Your objective
Each line of the material, from the first through the one containing "affiche de l'eid", is to be written out exactly.

Record set
* * * * *

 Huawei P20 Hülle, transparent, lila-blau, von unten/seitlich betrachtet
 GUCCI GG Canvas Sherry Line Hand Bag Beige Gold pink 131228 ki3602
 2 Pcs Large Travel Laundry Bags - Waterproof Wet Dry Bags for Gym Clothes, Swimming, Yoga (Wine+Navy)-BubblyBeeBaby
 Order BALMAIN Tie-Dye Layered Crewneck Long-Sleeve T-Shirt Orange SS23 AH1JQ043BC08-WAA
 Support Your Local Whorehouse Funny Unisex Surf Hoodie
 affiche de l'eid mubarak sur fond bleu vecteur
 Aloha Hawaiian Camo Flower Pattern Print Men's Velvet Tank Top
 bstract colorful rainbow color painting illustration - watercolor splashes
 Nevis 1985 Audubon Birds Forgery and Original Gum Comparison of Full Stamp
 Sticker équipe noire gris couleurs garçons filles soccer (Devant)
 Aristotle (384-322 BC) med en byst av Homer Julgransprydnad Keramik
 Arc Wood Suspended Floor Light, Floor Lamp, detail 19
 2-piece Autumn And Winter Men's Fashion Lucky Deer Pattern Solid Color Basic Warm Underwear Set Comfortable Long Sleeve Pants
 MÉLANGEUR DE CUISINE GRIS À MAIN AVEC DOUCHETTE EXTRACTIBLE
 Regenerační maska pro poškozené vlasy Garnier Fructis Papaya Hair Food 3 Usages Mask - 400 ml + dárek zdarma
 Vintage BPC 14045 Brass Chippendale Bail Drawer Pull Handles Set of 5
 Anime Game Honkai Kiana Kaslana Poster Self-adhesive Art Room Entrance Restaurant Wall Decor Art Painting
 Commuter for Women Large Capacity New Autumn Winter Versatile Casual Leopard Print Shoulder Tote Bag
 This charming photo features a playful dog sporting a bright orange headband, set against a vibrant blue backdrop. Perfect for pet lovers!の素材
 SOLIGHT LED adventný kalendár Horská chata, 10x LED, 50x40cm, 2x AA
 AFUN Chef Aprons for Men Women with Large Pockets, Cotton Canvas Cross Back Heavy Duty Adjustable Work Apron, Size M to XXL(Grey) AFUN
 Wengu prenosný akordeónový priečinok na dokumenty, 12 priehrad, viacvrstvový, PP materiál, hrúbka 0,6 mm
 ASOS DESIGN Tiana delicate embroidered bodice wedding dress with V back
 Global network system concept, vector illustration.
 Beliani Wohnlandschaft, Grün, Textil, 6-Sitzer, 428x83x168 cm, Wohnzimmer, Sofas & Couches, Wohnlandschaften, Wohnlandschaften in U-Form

* * * * *

Written response
 Huawei P20 Hülle, transparent, lila-blau, von unten/seitlich betrachtet
 GUCCI GG Canvas Sherry Line Hand Bag Beige Gold pink 131228 ki3602
 2 Pcs Large Travel Laundry Bags - Waterproof Wet Dry Bags for Gym Clothes, Swimming, Yoga (Wine+Navy)-BubblyBeeBaby
 Order BALMAIN Tie-Dye Layered Crewneck Long-Sleeve T-Shirt Orange SS23 AH1JQ043BC08-WAA
 Support Your Local Whorehouse Funny Unisex Surf Hoodie
 affiche de l'eid mubarak sur fond bleu vecteur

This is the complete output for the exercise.